I wanted to try this little experiment for a couple of years. 

There are claims around the internet that you can grow potatoes in almost anything. Being short of garden space due to other experimental crops, I had these two exploded rain barrels that either had to be taken to the EcoStation or used for something that needed drainage.  That reminds me.  I must empty my rain barrels or I'll have three more potato containers next spring!

So, these were the only potatoes I planted this year.

 They grew and grew and grew.  I kept burying them in fresh soil and straw as they grew until I got tired of the whole exercise.  They were probably 3/4 full this morning though.  The greens just died off last week with the frost so I wasn't in a rush to harvest them.

However, yesterday we dug potatoes out of my brother-in-law's weedy garden and it was fun to unearth and discover all of the potatoes.  Like a treasure hunt, really.

So, today I was inspired to get out into the sunshine and have a treasure hunt of my own at home.  I pulled out some of the straw (nothing growing), then some soil (still nothing), then some straw (nothing) and more soil (still nothing), and finally at the very bottom of each rain barrel there were a few potatoes.  

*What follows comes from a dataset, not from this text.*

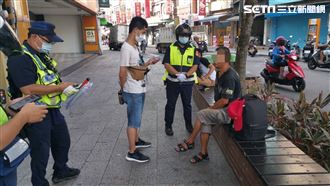 闖李登輝追思會嗆警　通緝男自曝身分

Well, that was not like a treasure hunt at all.  We'll eat them for supper, but I'm sure the little bag of seed potatoes weighed more in the spring.   Poo.  I'll probably try one more time next year, maybe in another location.  It's not like it cost anything or took any time, and I got to procrastinate about that trip to the EcoStation.  Does that still make it a "win"?

The carrots were better.  Just so a remember, I want to hold off on eating carrots until after frost next year.  We always jump the gun and start eating our new carrots in July or August, but those ones taste vaguely of dirt.  Now they are sweet and yummy.

And unfortunately, we ate half of them while they still tasted like dirt.  Oh well.  Life is a learning process, right?

And the last gardening thing I did today was to finally pick our own apples.  Hail damaged and few, it's the first year that we've really had any apples to speak of on our own trees.  


The gardens and yard are almost ready for winter now.  I've got some chairs to put away and if I have time or inclination, I can still cut back a bunch of perennials, or I could leave them to trap snow.  Either way, I feel sort of on top of things in the garden this year.  Phew!  I have not always been able to say that.  Two years ago I was still looking about my frozen lawn chairs in February, unable to move them due to ice and deep piles of snow. 

Winter can still take its sweet time getting here though.  I'm in no rush.